Take the lines in the listing below from the line with "Cute Bunny Pattern, Easter, Koteto" up to and including the line with "BBQ tang Legende - RVS" and set them down exactly, skipping pictures and adding nothing.

══ Task material

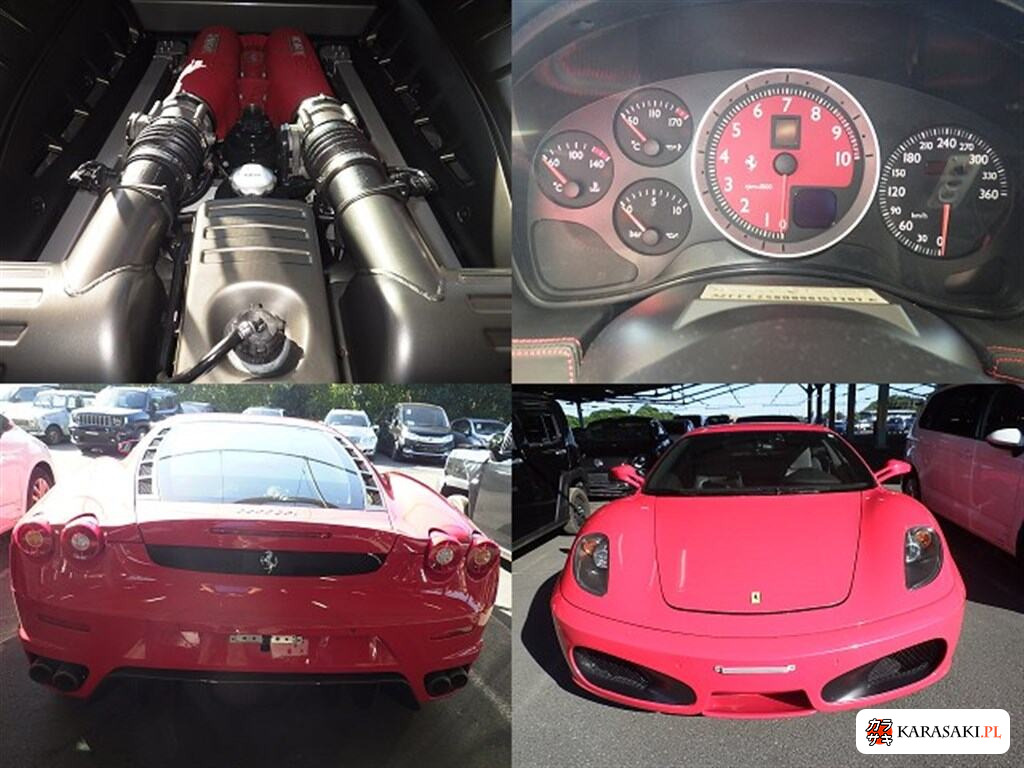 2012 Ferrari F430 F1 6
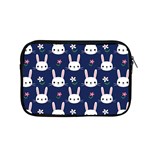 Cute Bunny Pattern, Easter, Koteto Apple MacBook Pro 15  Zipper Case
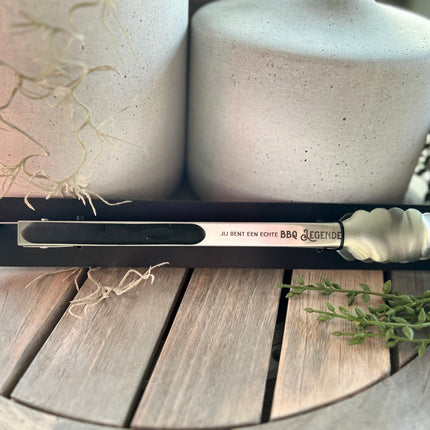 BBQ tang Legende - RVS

════
══ Task material

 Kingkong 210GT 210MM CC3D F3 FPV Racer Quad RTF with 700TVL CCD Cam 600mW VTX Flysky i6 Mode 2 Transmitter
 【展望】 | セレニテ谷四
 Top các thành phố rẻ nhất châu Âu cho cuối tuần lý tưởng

════
══ Task material

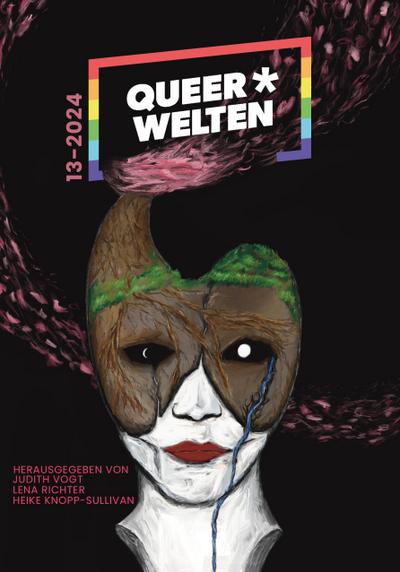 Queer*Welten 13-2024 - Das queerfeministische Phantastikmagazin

════

[Task response]
 Cute Bunny Pattern, Easter, Koteto Apple MacBook Pro 15  Zipper Case
 BBQ tang Legende - RVS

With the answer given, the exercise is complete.